Task:
From the line that contains "9 Beverly Road Cortlandt Manor NY 10567" to the last line of the data below, transcribe every line exactly. Do not include the pictures.

----

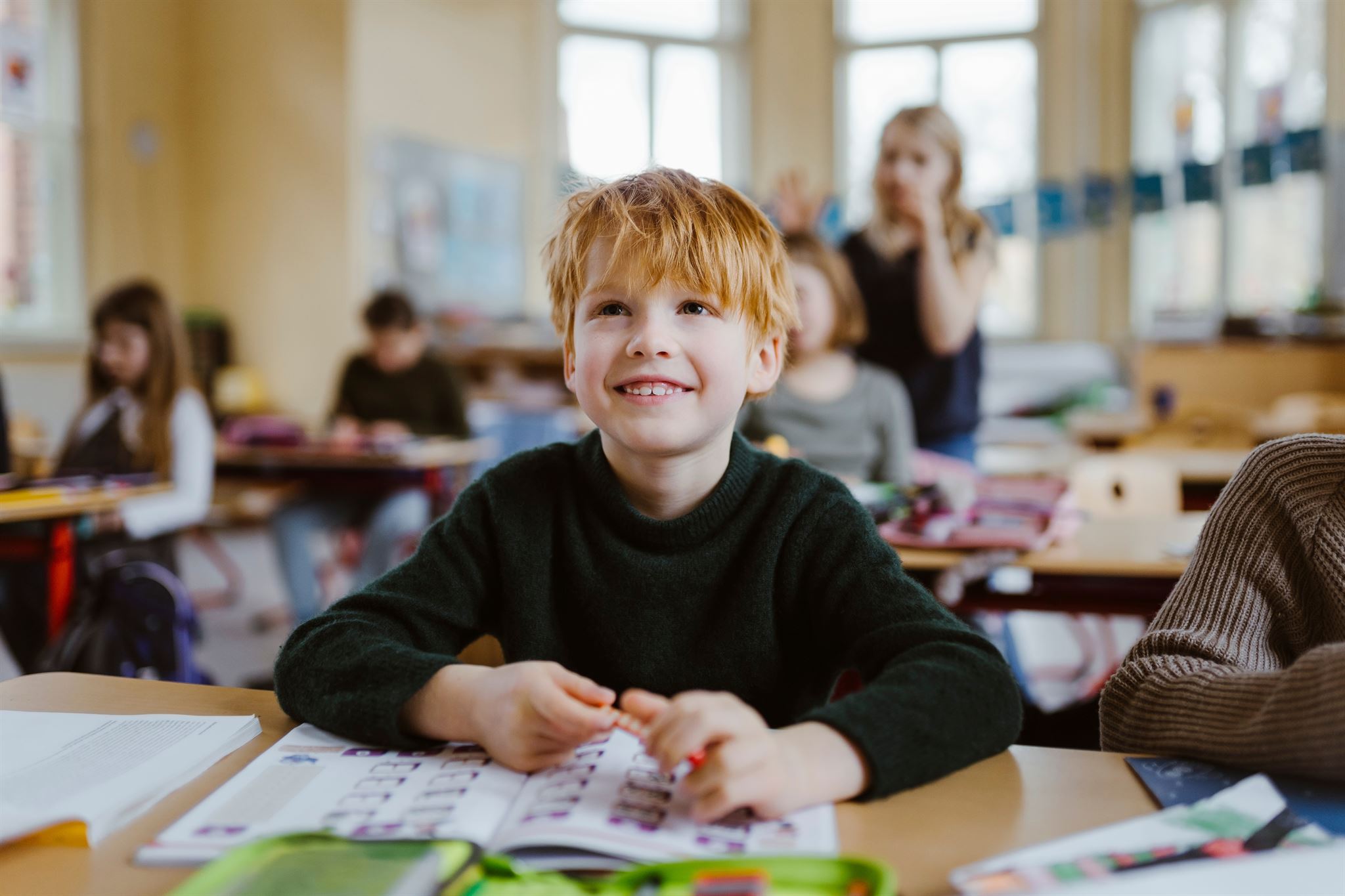 Enfant-assis-dans-une-salle-de-classe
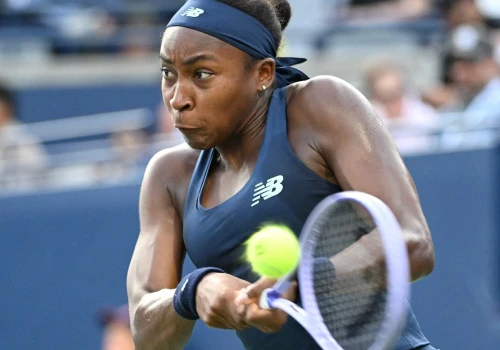 Coco Gauff wskazuje palcem. 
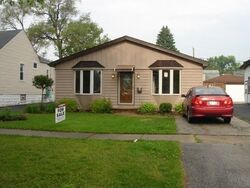 Pre-foreclosure in  AVERS AVE Midlothian, IL 60445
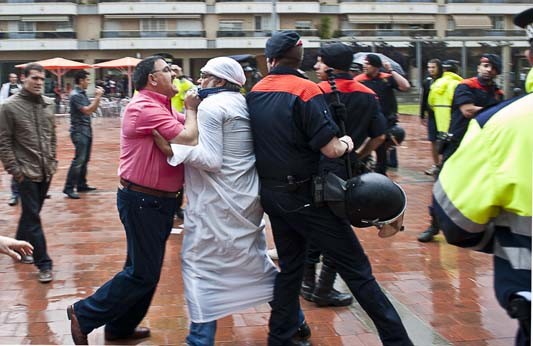 Militants de PxC agredeixen manifestants antifeixistes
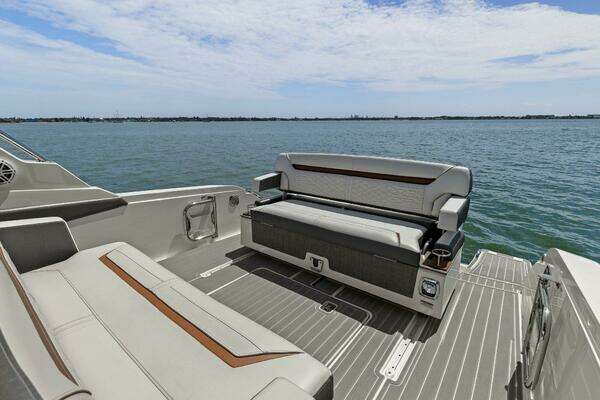 Tiara Yachts 34 Sport LS Yacht For Sale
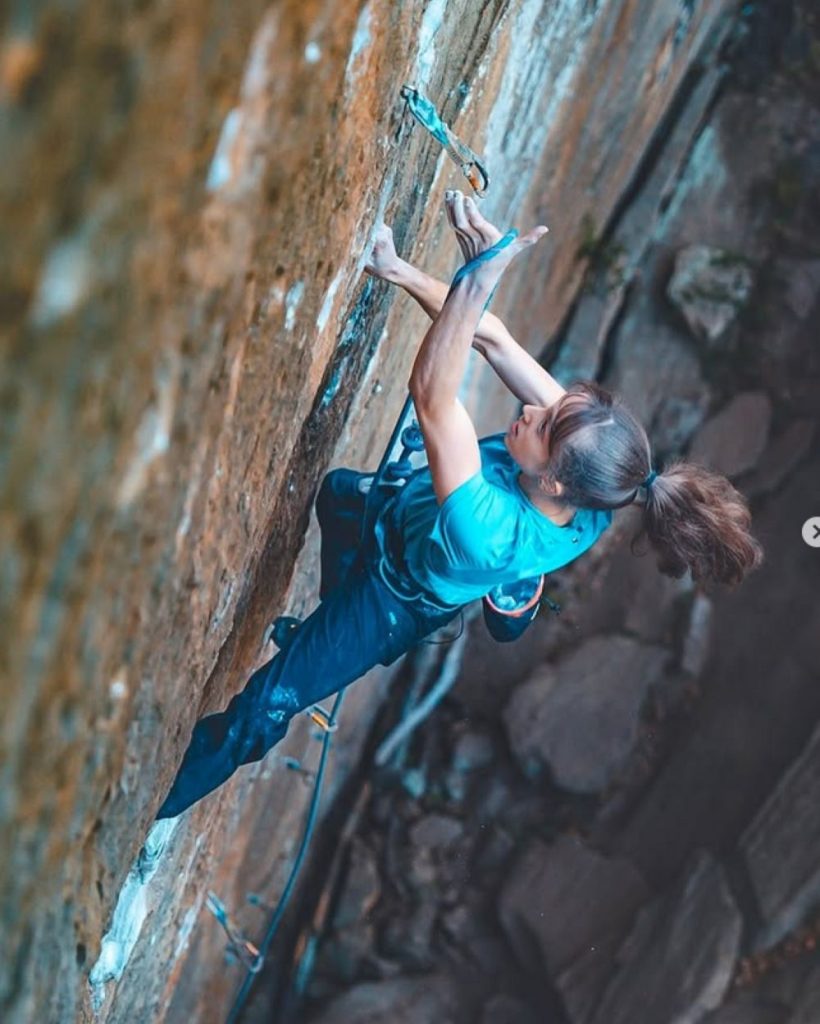 Annie Sanders su Pure Imagination. Foto IG annie.climbs.sanders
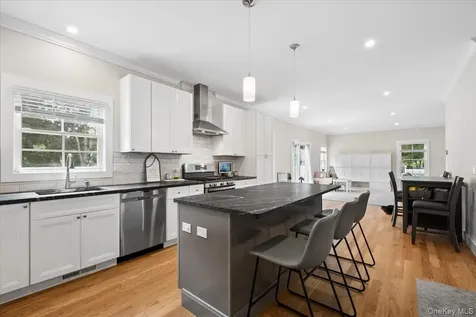 9 Beverly Road Cortlandt Manor NY 10567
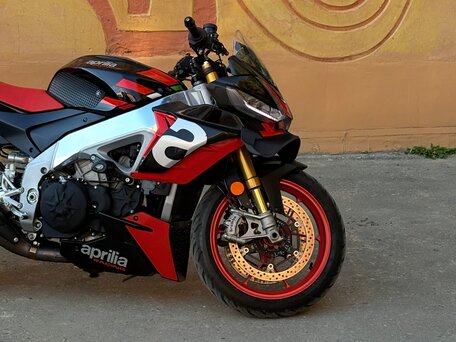 2021 Aprilia Tuono V4, чёрный, 1599000 рублей, вид 1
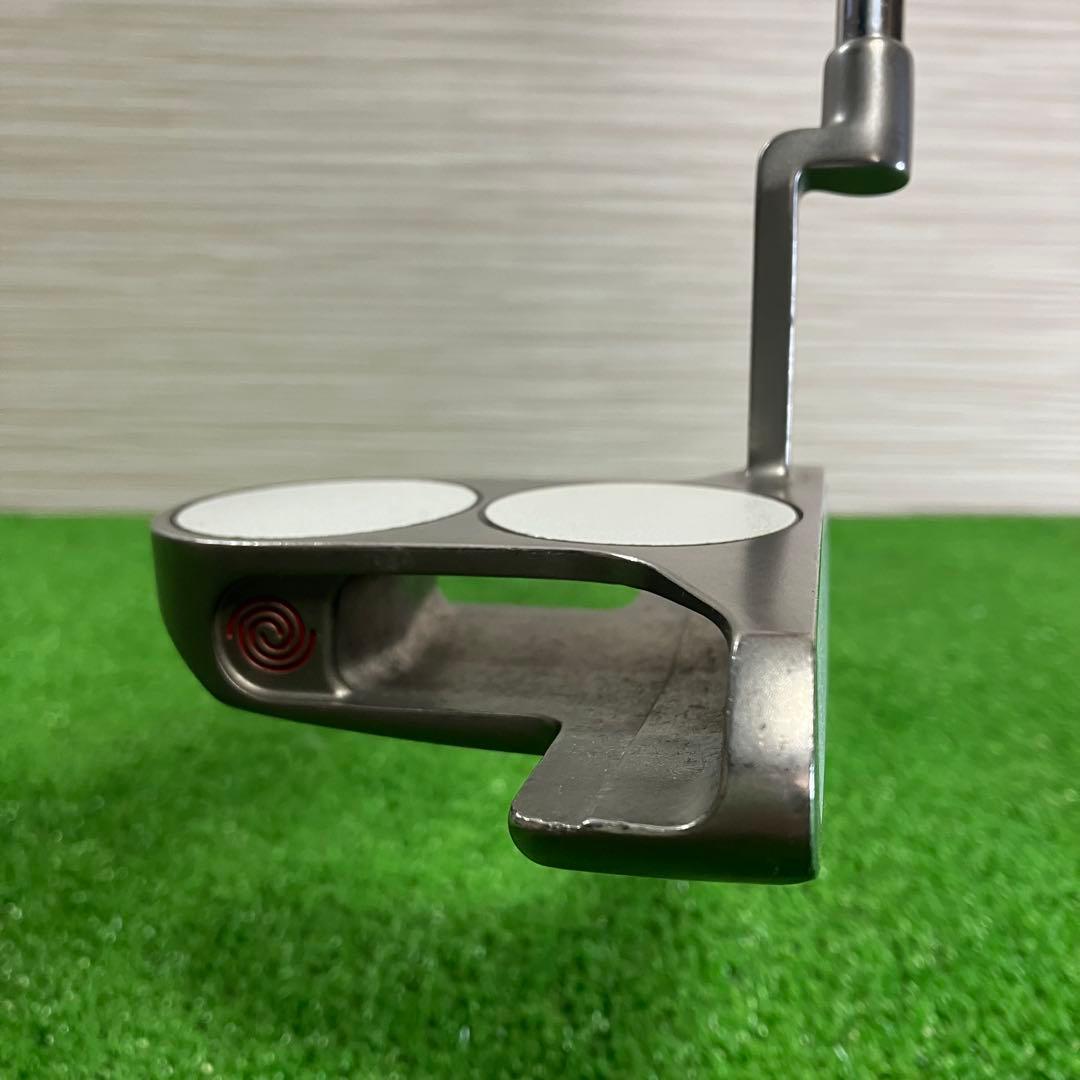 ODYSSEY　WHITE　HOT　2-BALL　BLADE　右打ち　比較的綺麗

----

Solution to the problem:
 9 Beverly Road Cortlandt Manor NY 10567
 2021 Aprilia Tuono V4, чёрный, 1599000 рублей, вид 1
 ODYSSEY　WHITE　HOT　2-BALL　BLADE　右打ち　比較的綺麗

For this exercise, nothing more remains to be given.